§ **ACTIVITY**: Wherever the string "Image" appears in the listing, copy that line.

+===+

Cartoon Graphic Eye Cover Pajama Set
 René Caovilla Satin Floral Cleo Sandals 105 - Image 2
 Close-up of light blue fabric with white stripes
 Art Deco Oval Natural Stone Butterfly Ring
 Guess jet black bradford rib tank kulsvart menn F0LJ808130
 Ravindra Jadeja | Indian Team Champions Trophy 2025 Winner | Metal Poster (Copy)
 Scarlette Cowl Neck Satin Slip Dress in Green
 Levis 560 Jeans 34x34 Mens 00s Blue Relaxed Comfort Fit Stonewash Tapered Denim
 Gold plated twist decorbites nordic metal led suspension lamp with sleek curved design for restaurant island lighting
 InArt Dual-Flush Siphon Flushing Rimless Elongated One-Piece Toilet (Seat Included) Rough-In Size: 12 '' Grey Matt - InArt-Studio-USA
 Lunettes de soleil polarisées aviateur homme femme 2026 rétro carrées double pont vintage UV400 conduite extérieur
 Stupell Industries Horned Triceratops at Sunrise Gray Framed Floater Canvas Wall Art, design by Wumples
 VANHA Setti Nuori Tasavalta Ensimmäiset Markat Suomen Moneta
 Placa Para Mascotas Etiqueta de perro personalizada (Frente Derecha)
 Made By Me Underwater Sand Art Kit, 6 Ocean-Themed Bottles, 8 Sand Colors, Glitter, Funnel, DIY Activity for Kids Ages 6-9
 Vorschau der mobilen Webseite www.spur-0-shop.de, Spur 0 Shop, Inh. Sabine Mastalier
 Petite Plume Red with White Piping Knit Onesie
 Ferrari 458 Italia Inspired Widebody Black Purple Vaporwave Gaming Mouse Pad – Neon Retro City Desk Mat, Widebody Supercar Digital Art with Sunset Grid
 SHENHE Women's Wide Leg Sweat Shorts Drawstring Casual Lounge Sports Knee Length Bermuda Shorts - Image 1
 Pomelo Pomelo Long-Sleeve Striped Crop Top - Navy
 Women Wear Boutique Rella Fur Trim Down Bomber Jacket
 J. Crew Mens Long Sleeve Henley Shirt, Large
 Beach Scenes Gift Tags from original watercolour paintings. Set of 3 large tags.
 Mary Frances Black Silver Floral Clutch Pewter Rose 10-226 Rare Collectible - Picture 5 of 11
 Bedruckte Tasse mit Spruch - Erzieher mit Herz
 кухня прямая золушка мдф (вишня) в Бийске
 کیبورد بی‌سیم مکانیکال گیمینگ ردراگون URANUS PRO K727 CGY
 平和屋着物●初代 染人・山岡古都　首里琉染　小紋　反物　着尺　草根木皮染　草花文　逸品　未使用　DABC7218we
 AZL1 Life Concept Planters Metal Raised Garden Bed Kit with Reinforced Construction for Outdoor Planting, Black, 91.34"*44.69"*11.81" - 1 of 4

+===+

§ **RESULT OF THE EXERCISE**:
 René Caovilla Satin Floral Cleo Sandals 105 - Image 2
 SHENHE Women's Wide Leg Sweat Shorts Drawstring Casual Lounge Sports Knee Length Bermuda Shorts - Image 1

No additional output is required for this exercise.